Interface for rating BIDS-compliant QC outputs from NiViz.

Database: SQLite Web framework: bottle Frontend: svelte

Get started

Installation

If you prefer to use Docker please go directly to the docker section for more information! Virtualenv/Pyenv/Local installers read on ahead.

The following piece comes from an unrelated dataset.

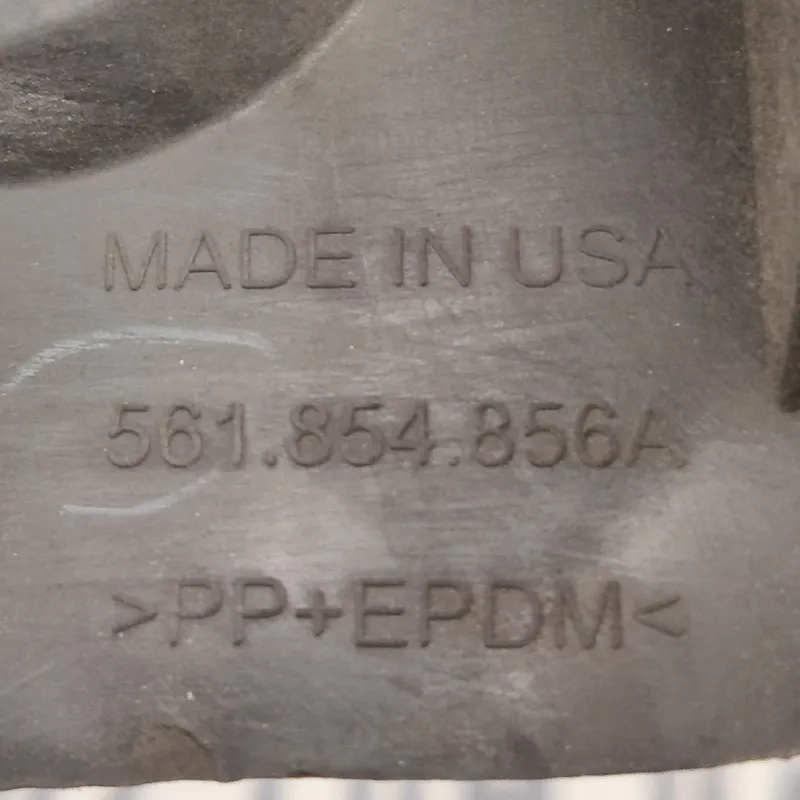Бризговик VW Passat B8 USA задній правий OEM 561854856a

Installation of Niviz can be done, but the following requirements must be met:

  1. You have Python>3.8 with pip
  2. You have an installation of npm

With both of the above requirements satisfied, first clone the repository:

git clone https://github.com/jerdra/niviz-rater.git

Next, we need to build the relevant client-side bundle:

cd niviz-rater/niviz_rater/client
npm run build

This will auto-install any dependencies and build the client-side bundle to be served (CSS, JS)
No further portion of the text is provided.